Then switch to wall-times, compare `Test` against itself, and toggle the
"Show non-relevant results"/"Display raw data" check boxes to make sure it
hasn't changed drastically.
- E.g. `futures` was changed so it's just a facade for a bunch of
sub-crates, and the final crate time became very similar to `helloworld`,
which wasn't interesting.
- File a PR, including the two sets of timing measurements in the description.
## Remove a benchmark
- It makes it easier for reviewers if you split things into two commits.
- In the first commit just remove the old code.
- Do this with `git rm -r` on the directory.
- In the second commit do everything else.
- Remove the entry from `collector/compile-benchmarks/README.md`.

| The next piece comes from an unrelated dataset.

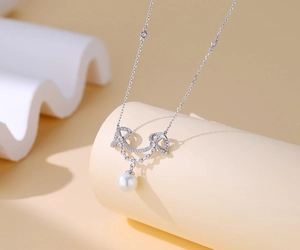 Macro shot of silver pearl necklace featuring a diamond-encrusted letter pendant design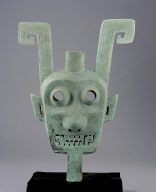 Bronze ritual vessel in the shape of a double-faced human figure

- `git grep` for occurrences of the old benchmark name (e.g. in
`.github/workflows/ci.yml` or `ci/check-*.sh`) and see if anything needs
changing... usually not.
- File a PR.
## Update a benchmark
- Do this in two steps.
- First add the new version of the benchmark. Compare the benchmarking time
of the two versions to make sure nothing outrageous has happened. Once the
PR is merged, make sure it's running correctly.
- Second, remove the old version of the benchmark.
Doing it in two steps ensures we have continuity of profiling coverage in the
case where something goes wrong.
- Compare the benchmarking time of the two versions.
- When adding the new version, for `perf-config.json` and the `N-*.patch`
files, use the corresponding files for the old version as a starting point.
# Benchmark update policy
## Background
rustc-perf is a "living benchmark suite" that is regularly changed. Some
benchmarks in rustc-perf are verbatim copies of third-party crates. We
periodically do a mass update of these benchmarks.
Benefits of this approach:
- We ensure we are measuring compilation of the crates most people are using.
This is most relevant for popular crates.
- We get coverage of newer language features.
Costs of this approach:
- It takes time and effort.
- We lose some data continuity.
- But the stable set of benchmarks used for the dashboard are not affected,
and they provide the greatest continuity.
- If the code hasn't changed much, it won't have much effect.
## Update policy
- The third-party crates should be updated every three years. This is a
reasonable refresh period that is neither too short or too long. It happens
to match the Rust edition cycle, but this is just coincidence.
- All third-party crates that have had at least one new release should be
updated, even if not much code has changed. This avoids having to make
decisions about whether a crate has changed enough.
- When doing this mass update, there may be some benchmarks that are deemed no
longer interesting and removed. For example, in the 2022 update we found that
the `futures` crate was no longer interesting because all the functionality
had been split into sub-crates that rustc-perf doesn't measure. Likewise,
there may be some new benchmarks that are added.
- New versions should be added before old versions are removed, to ensure
continuity of profiling coverage.
- The ad hoc addition and removal of individual benchmarks can continue
independently of this update cycle, as per the judgment of the rustc-perf
maintainers.
History:
- The first mass update of third-party crates occurred in [March/April
2022](https://hackmd.io/d9uE7qgtTWKDLivy0uoVQw).